В связи с этим становление идеи о верховном, целеустремленном сверхъестественном вершителе судеб шло медленно. Хорошую иллюстрацию классического представления о “Судьбе” в этой роли можно найти во “Всеобщей истории” Полибия (написанной во II в. н. э.):
Ибо необычайность событий, о которых мы намерены говорить, сама по себе способна привлечь каждого, стар ли он, или молод, к внимательному чтению нашего повествования (πραγματείας). … Особенность нашей истории и достойная удивления черта нашего времени состоят в следующем: почти все события мира судьба направила насильственно в одну сторону и подчинила их одной и той же цели; согласно с этим и нам подобает представить читателям в едином обозрении те пути, какими судьба осуществила великое дело…. И в самом деле, изобретая много нового и непрестанно проявляя свою силу в жизни людей, судьба никогда еще по настоящее время не совершала ничего подобного и не давала такого свидетельства своей мощи.
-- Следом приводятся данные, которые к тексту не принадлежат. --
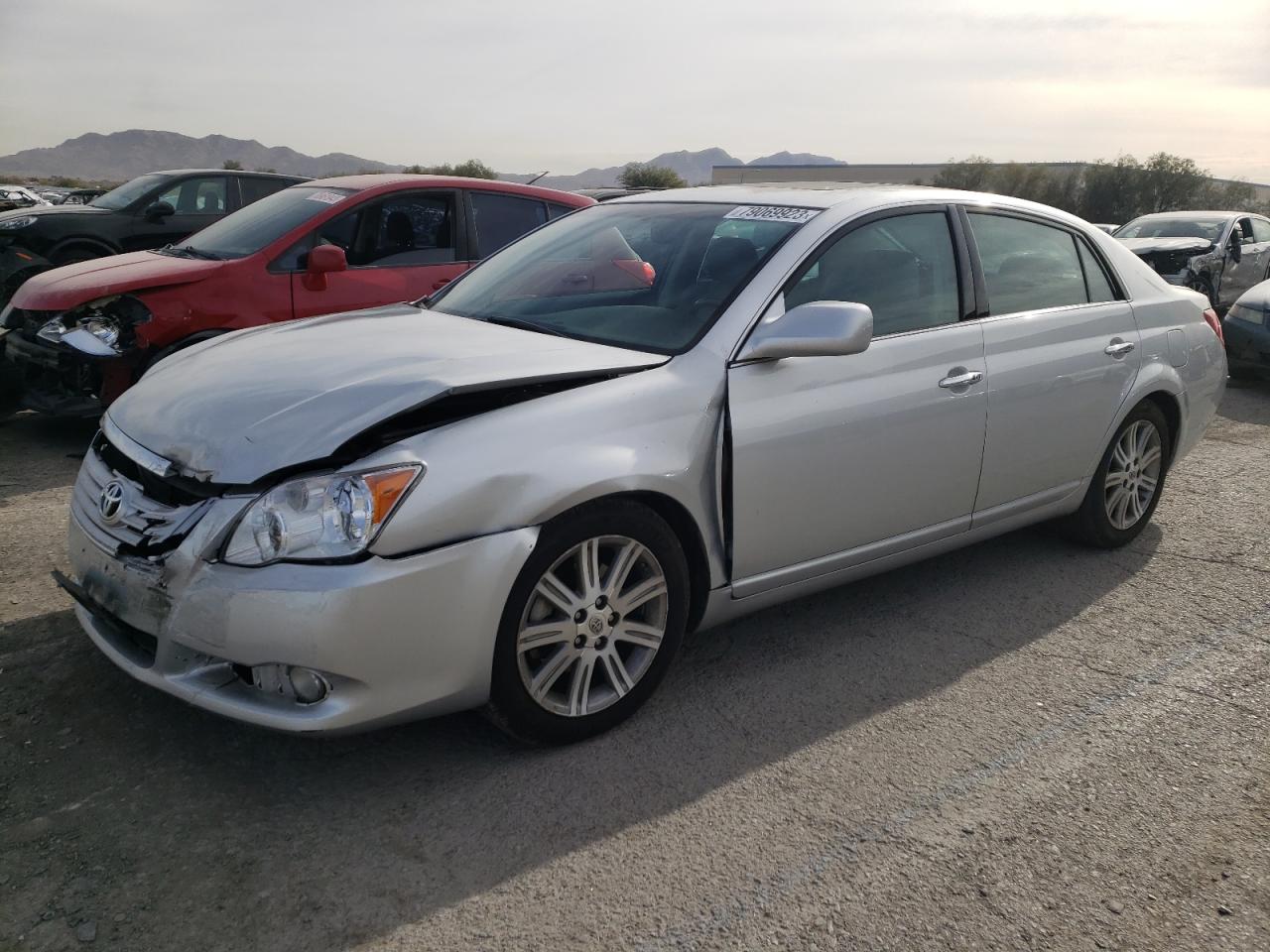 2008 TOYOTA AVALON XL 2008 image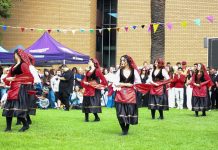 Albanian experience in the heart of Shepparton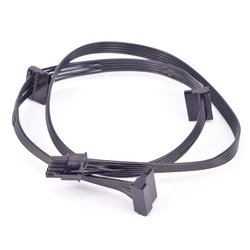 5 Pin to 3 SATA Power Supply Cable for Cooler Master V series V550 V650 V700 V750 Glod V850 V1000 V1200 V1300 Platinum PSU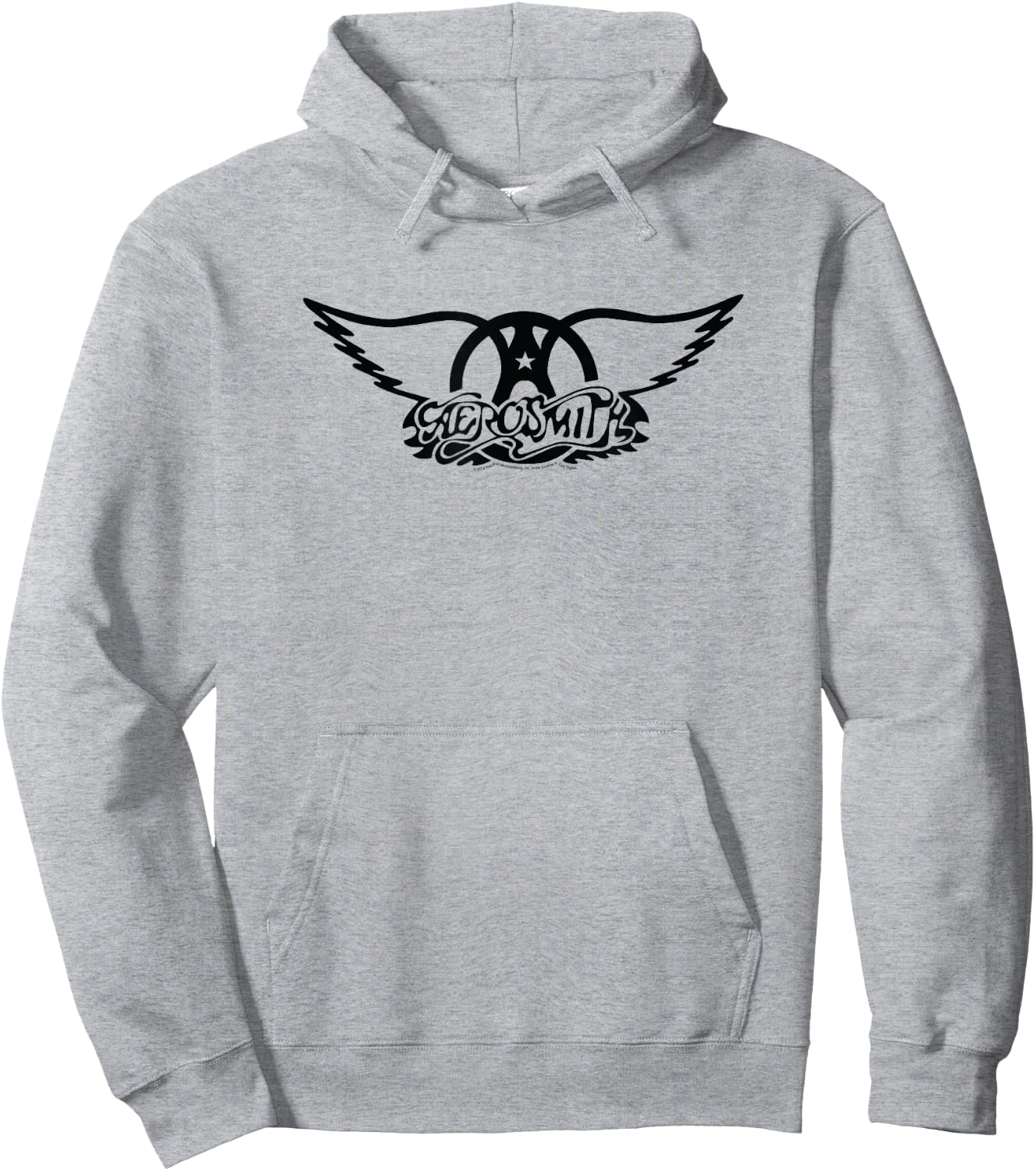 Aerosmith - Original Hoodie - Hoodie | Ash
Предположение Полибия, что “превратности” Судьбы на самом деле имели цель – триумф Рима, – стало важным историографическим шагом к более детерминистскому представлению о божественной воле. Подобная концепция изложена и в работе Тацита, хотя там божественной целью называется разрушение Рима: “Беспрецедентные страдания Рима явились достаточным подтверждением, что боги… жаждут нас покарать”. Для Тацита, как и для Полибия, исход “внешнего течения событий”, которое “по большей части зависит от случая”, имеет “смысл и причины”.
Полибий упомянул и о другом сверхчеловеческом факторе – характерном для стоиков представлении о циклическом развитии истории, кульминационными моментами которой становятся периодические природные катастрофы:
Когда потоп, чума или неурожай… приводят к уничтожению значительной доли рода человеческого… все традиции и искусства в один миг исчезают, но с течением времени приходит новое поколение, рожденное от выживших в катастрофе, подобно тому как хлеб вырастает из семени в земле, и общественная жизнь возрождается.